Home office é mais difícil para personal trainer's

Profissionais relatam as dificuldades do trabalho a distância

Camila Caetano - especial para o Diário

 Nesta última segunda-feira o presidente Jair Bolsonaro publicou um decreto no Diário Oficial da União que incluía os salões de beleza, barbearias e academias de esporte como atividades essenciais durante a pandemia. Contudo, em Petrópolis, as atividades estão suspensas até o dia 24 de maio, visto que, de acordo com o STF, os prefeitos e governadores têm autonomia para decidir quais medidas serão implantadas em seus municípios para conter a disseminação do vírus. Sendo assim, os serviços prestados pelos salões, barbearias e academias continuam suspensos.

Diante disso, na manhã de ontem o Diário ouviu algumas pessoas que trabalham em academias para saber como estão lidando com esse momento, e com o home office. Eles relatam que o momento requer uma reinvenção da profissão, porém, existem algumas diferenças e dificuldades.

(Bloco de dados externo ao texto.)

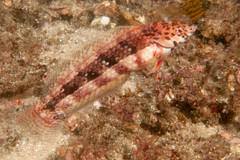 Eupetrichthys angustipes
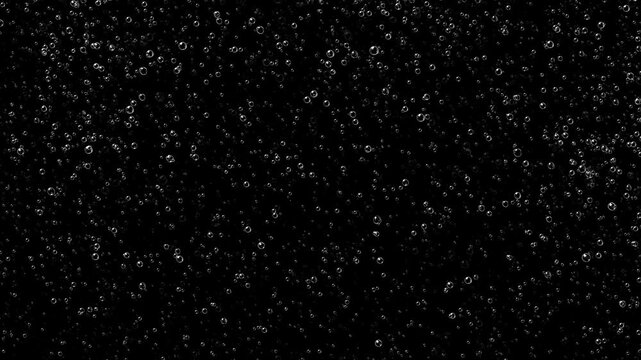 Animated cartoon bubbles rising to the top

A Personal Trainer, Beatriz Azevedo, conta que tem gravado os vídeos para suas alunas da terceira idade e salienta dizendo que apesar das diferenças, está se adaptando bem a essa reinvenção.

- Com o cenário mundial e as academias fechadas devido à pandemia os profissionais de educação física estão tendo que se reinventar a cada dia. Estamos prescrevendo exercícios físicos à distância através de vídeo aulas e consultorias online, já que essas atividades são tão importantes para a imunidade, bem estar, e atuam combatendo ansiedade e promovendo saúde. É um modelo muito diferente, mas estou me adaptando bem - diz ela.

O personal Diego Santanna também comenta sobre o assunto. Ele diz que percebe que muitos companheiros de profissão se sentem perdidos em meio a essa pandemia, já que a principal fonte de renda que eles possuem, encontra-se fechada.

- Com essas medidas necessárias de isolamento social, a nossa principal fonte de renda se encontra fechada e isso é um tanto desesperador, se considerarmos que muitos só têm isso pra viver - diz ele, que continua:- infelizmente na nossa profissão, a opção de trabalho home office é muito difícil, tem alguns profissionais que conseguem ter um grande número de alunos, através de vídeo chamadas, e lives. Mas infelizmente o número de alunos ativos nessa quarentena, caiu muito. As pessoas têm preferido auxílio de aplicativos do que de profissionais formados - ressaltou ele.

Por último, o profissional Josué Lima finaliza dizendo que a situação está apertada para todos, mas tem feito o possível.

- Fazemos os vídeos respeitando o nível dos alunos e damos o máximo de atenção a cada um deles, mas agora está muito difícil, pois, quem tem condição, está economizando ao máximo por não saber o que vai acontecer. Quem não tem condições, já não gastava dinheiro com isso. Tenho até algumas consultorias online, mas ultimamente os benefícios estão sendo poucos. Mesmo assim estou fazendo minha parte, criei um grupo no WhatsApp para ajudar aos que querem treinar mas não têm condição. Espero que todos consigam se levantar, pois a situação está apertada para muitos - finaliza.